The volunteer-run, weeklong festival is held each mid-November and, in those years when the weather up North turns nasty early, may see 10,000 or more sandhill cranes.

This year, however, with mild temperatures lingering across the United States and Canada, early visitors reported fewer birds but still enough to be impressive.

Volunteers and U.S. Fish and Wildlife Service employees estimated approximately 2,200 or so sandhill cranes were at Bosque last week, a number that has more than doubled as of this writing. While not all of the cranes were strutting and foraging in the wet meadow fronting the deck, there were enough to create a voice-drowning racket.

Combine the collective voices of the cranes and the even more-boisterous gabbles and quacks of several hundred mallards and there was plenty to hear and talk about.

Sorensen grinned at the hubbub and pushed his mild voice over the wind and the never-ceasing racket.

“They certainly are noisy,” he said, smiling at the sight of a gray carpet of cranes. “I was in Dallas and heard about this. I caught a plane to El Paso and drove up last night. I’m glad I came.”

Even long-time crane festival-goers never tire of the sight of a New Mexico dawn filled with thousands of lesser and greater sandhill cranes, tens of thousands of snow geese and other waterfowl and the occasional Great Blue heron or two.

The sight is repeated each evening when it seems every large bird in central New Mexico is winging to a night roost in the 55,000-acre refuge.

And as all crane lovers know, the distinctive ka-roo, ka-roo bugling song of the cranes presages their passage everywhere they go. That continuous song fills every waking minute (and some dreams, too) during the Festival of the Cranes, which this year celebrated its 22nd year.

“Sandhills never do anything quietly,” mused Paul Tebbel of Sacramento, Calif., leading an early morning tour to watch fly-out, the hour or so right around dawn when the cranes and geese filter out of the refuge for their day of feeding. “You’d think it’s complete mayhem out there but watch if a juvenile crane gets separated from its parents. They can recognize it by its call.”

Tebbel has spent more than 30 years studying cranes and for 11 of those years he was director of the Audubon Society’s Rowe Sanctuary on the South Platte River near Kearney, Neb. Each spring, the site is a bottleneck of migrating cranes, attracting up to 600,000 cranes heading for summer breeding grounds way to the north.

“Don’t be confused about the different sizes of the birds,” Tebbel cautioned his well-bundled listeners, whom he earlier termed “budding craniacs. “The bigger cranes are greater sandhill cranes and will summer in Colorado, Utah, Idaho, Wyoming and Montana.
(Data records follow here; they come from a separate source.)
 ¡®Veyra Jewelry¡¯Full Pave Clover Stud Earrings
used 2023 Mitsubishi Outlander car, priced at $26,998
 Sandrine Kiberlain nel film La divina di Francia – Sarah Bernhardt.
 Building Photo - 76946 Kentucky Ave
“The smaller cranes are lesser sandhills and they actually fly farther, some as far as eastern Siberia, to breed and raise their young.”

Nearly two decades ago, researchers from the Colorado Division of Wildlife put identifying leg bands on sandhill cranes nesting near Steamboat Lake. Last year, a crane wearing one of those leg bands was reported at Bosque, but the sighting was never confirmed.
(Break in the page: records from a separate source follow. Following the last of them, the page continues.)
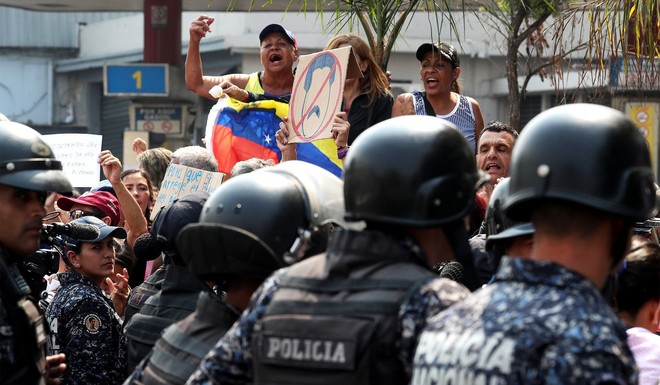 [ẢNH] Giám đốc tình báo Venezuela quay lưng với tổng thống Maduro - Ảnh 20.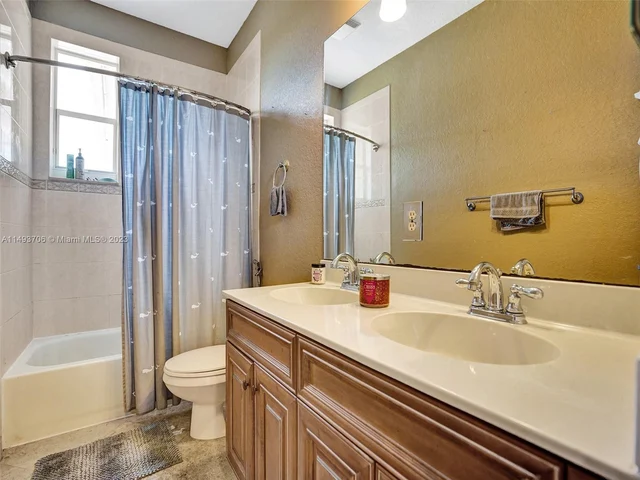 18691 SW 12th St, Pembroke Pines FL 33029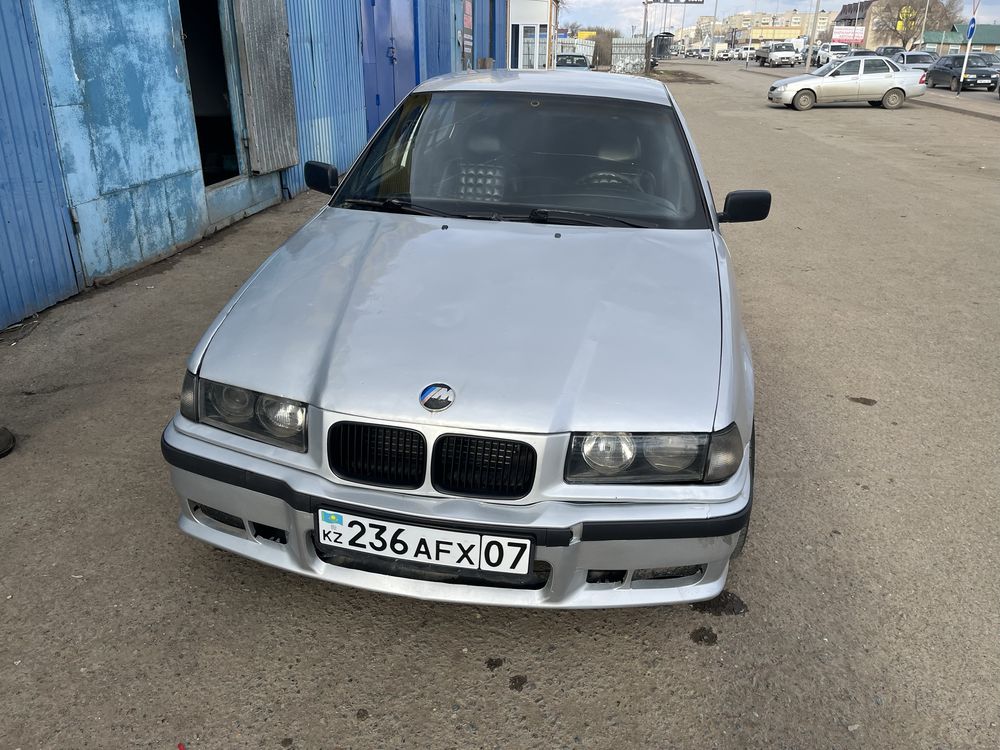 Продам бмв 325 в хорошем состоянии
Still, the news that one of those birds had survived for almost 20 years was heartening to Robert Kruidenier, a long-time volunteer naturalist at Bosque and for years the refuge’s unofficial keeper of the cranes.

“Cranes can live 20 to 40 years in captivity but it’s much less in the wild, for obvious reasons,” Kruidenier said. “It’s very rare to hear about a crane banded 20 years ago.”
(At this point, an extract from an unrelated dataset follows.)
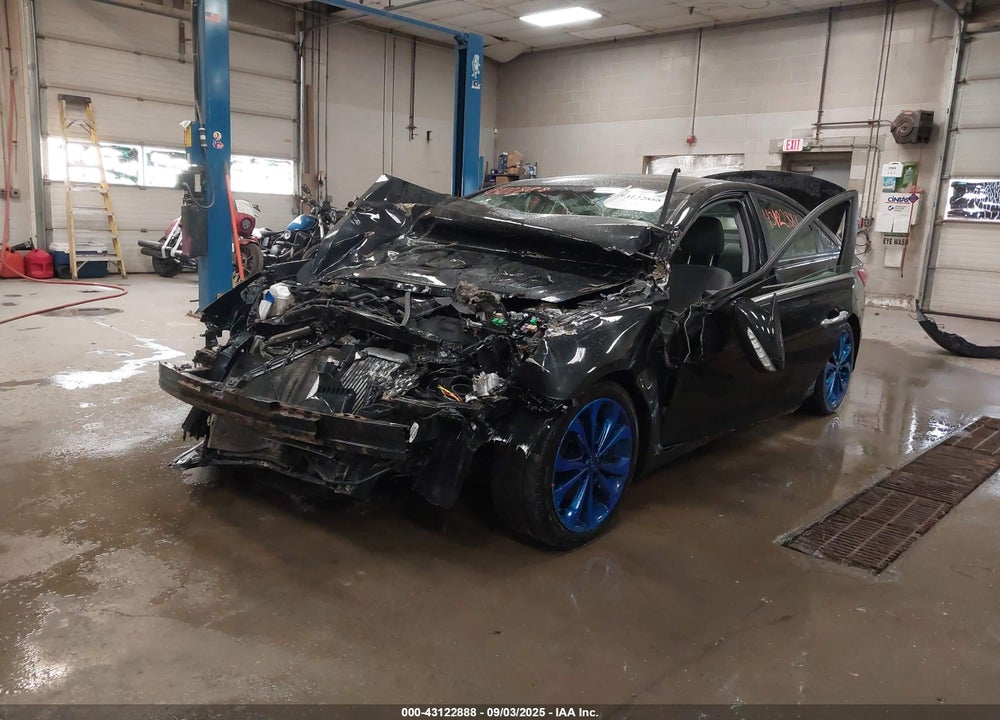 2013 HYUNDAI SONATA VIN: 5NPEC4AB6DH601524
One of those reasons is predators, and on that deck with Sorensen was wildlife videographer Mike Bennett of Crestone, busy gathering footage for a crane documentary for PBS.

“I watched two coyotes work that flock of mallards yesterday,” Bennett said, nodding at the mass of greenheads feeding right along with the cranes in the marshy meadow. “It was strictly luck, although I’ve seen coyotes here before. I don’t think they could take down a crane, though.”

Young cranes are full grown by the time they make the long flight to winter grounds at Bosque, big enough to make even bold coyotes shy away.

They are big, brash and loud, often dancing for no apparent reason other than it seems like a good idea, especially when you’ve reached a rich sanctuary and are surrounded by several thousand of your closest friends.